The present invention is similarly applicable to a case where the
data transfer control apparatus does not include the data filling
unit. The data transfer control apparatus may take different
measures to avoid the busy-state (stack) of the recording
medium.
[0099] In the above embodiments, the data transfer control
apparatus includes a data deleting unit and a duration-time setting
unit, and continues the data transfer for the predetermined time
when the predetermined time is set, even when receiving the
instruction to delete (reset). The present invention, however, is
not limited thereto. The present invention is similarly applicable
to a case where the data transfer control apparatus does not have
the data deleting unit and the duration-time setting unit. The data
transfer control apparatus may take different measures to avoid the
corruption of data managed in the recording medium at the time of
writing process, for example.
[0100] In the above embodiments, after the data transfer of sectors
of a predetermined number (for example, two sectors) have finished,
"2" which is the counted number of sectors is compared with "2"
which is the number of sectors input (output) to (from) the
recording medium, whereby the correctness of the data transfer is
determined. The present invention, however, is not limited thereto.
The present invention is similarly applicable to a case where the
correctness is determined for each sector (e.g., a case where the
correctness of the data transfer is determined after the completion
of one-sector data transfer through comparison of the number of
counted sectors such as "1" and the number of sectors input to the
recording medium such as "1").
----System Configuration----
[0101] Further, in processes described in the above description of
the embodiments, a part or a whole of the processes described as
performed automatically may be performed manually. On the contrary,
a part or a whole of the processes described as performed manually
may be performed automatically in a known manner (for example, an
instruction to delete the data managed by the recording medium can
be periodically transmitted to the data transfer control
apparatus). Further, process procedures, control processes,
specific names, information including various data and parameters
described in the above description and the drawings can optionally
be modified if not otherwise specified.
[0102] Further, each component of each apparatus shown in the
drawings is functionally conceptual, and is not necessarily
configured physically as shown in the drawing (e.g., FIG. 2).

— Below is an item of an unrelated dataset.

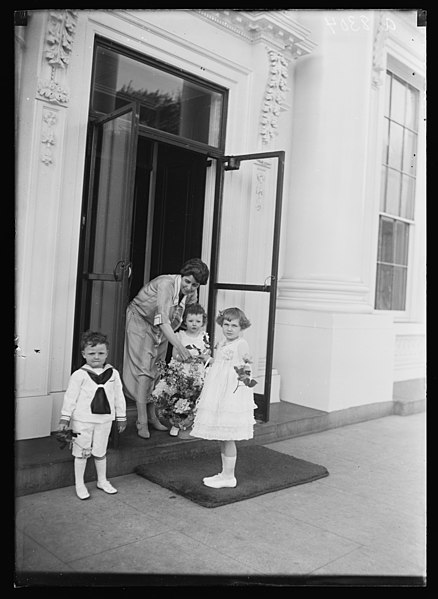 File:Mrs. Coolidge and children at White House, Washington, D.C. LCCN2016887241.jpg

In
other words, a specific manner of distribution and integration of
each apparatus are not limited to those shown in the drawings, and
a whole or a part thereof can be configured integrally or
distributively in functional terms or physical terms in any unit
according to various loads and use condition. Further, any part or
a whole of each process function realized in each apparatus may be
realized through a CPU and a program analyzed and executed by the
CPU, or may be realized in hardware implemented as a wired
logic.
[0103] A data transfer control method described in the embodiments
(FIGS. 4 to 10) may be realized through the execution on a micro
control unit. The program may be distributed through a network such
as the Internet. Further, the program may be recorded on a
computer-readable recording medium such as a hard disk, a flexible
disk (FD), a CD-ROM, a magnetooptic disc (MO), or a digital
versatile disc (DVD), and may be read out from a recording medium
and executed by a computer.
[0104] According to the present invention the buffer capacity can
be suppressed to a level equal to or lower than the minimum access
unit while the deterioration of the data transfer throughput is
avoided.
[0105] Further, according to the present invention, it is possible
to select one of the sequential data transfer (i.e., data transfer
between the buffer and the recording medium by the number of
transferred bits and the data transfer between the controller and
the buffer by the number of transferred bits performed in parallel)

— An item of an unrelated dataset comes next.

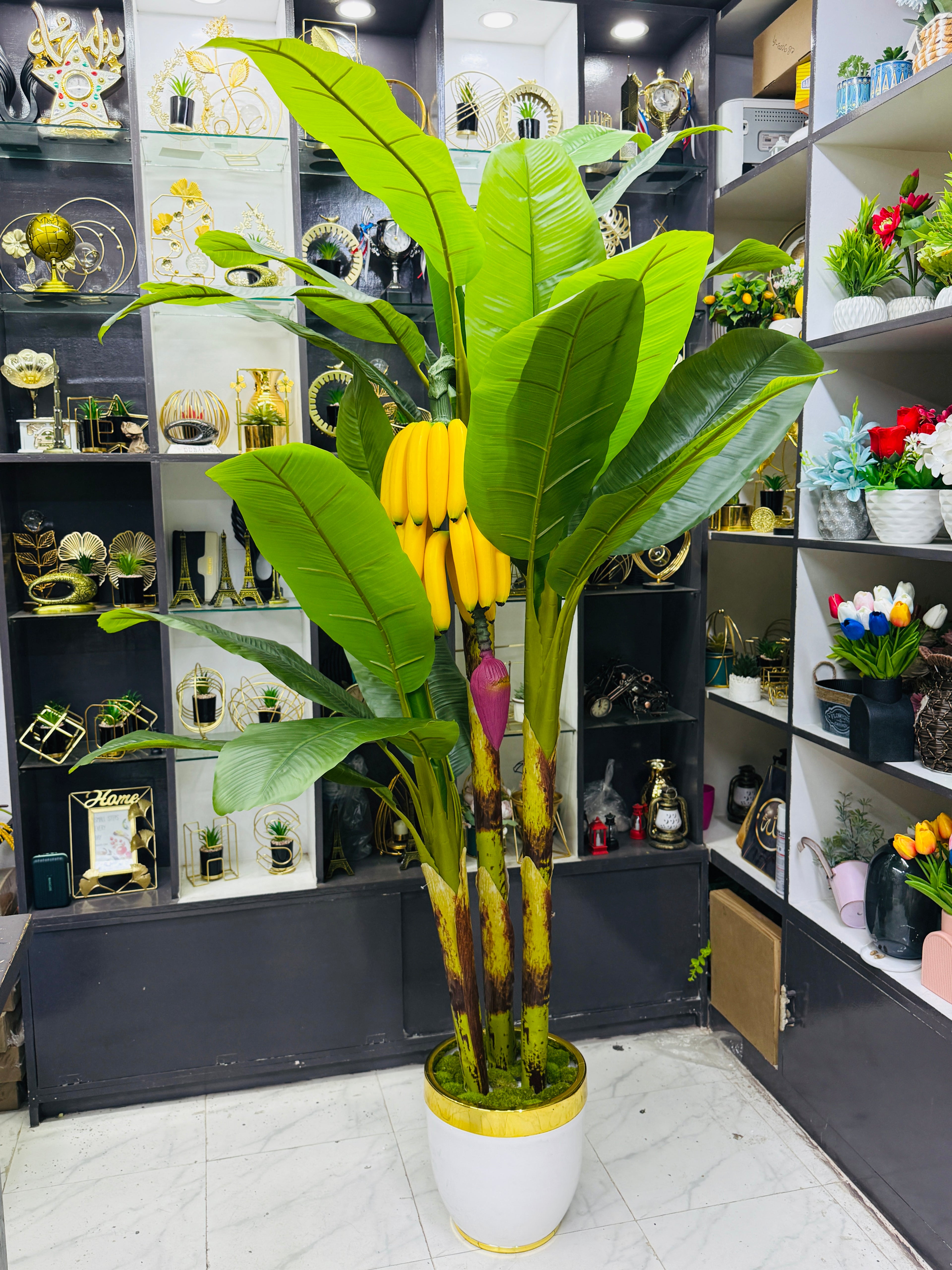 Premium quality chinese imported artificial banana tree with banana bunch and luxurious planter.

and the batch data transfer.
[0106] Still further, according to the present invention, the busy
state (i.e., stack) of the recording medium can be avoided.
[0107] Still further, according to the present invention, it is
possible to avoid corruption of data stored in the recording medium
in the writing process.
[0108] Although the invention has been described with respect to a
specific embodiment for a complete and clear disclosure, the
appended claims are not to be thus limited but are to be construed
as embodying all modifications and alternative constructions that
may occur to one skilled in the art that fairly fall within the
basic teaching herein set forth.
* * * * *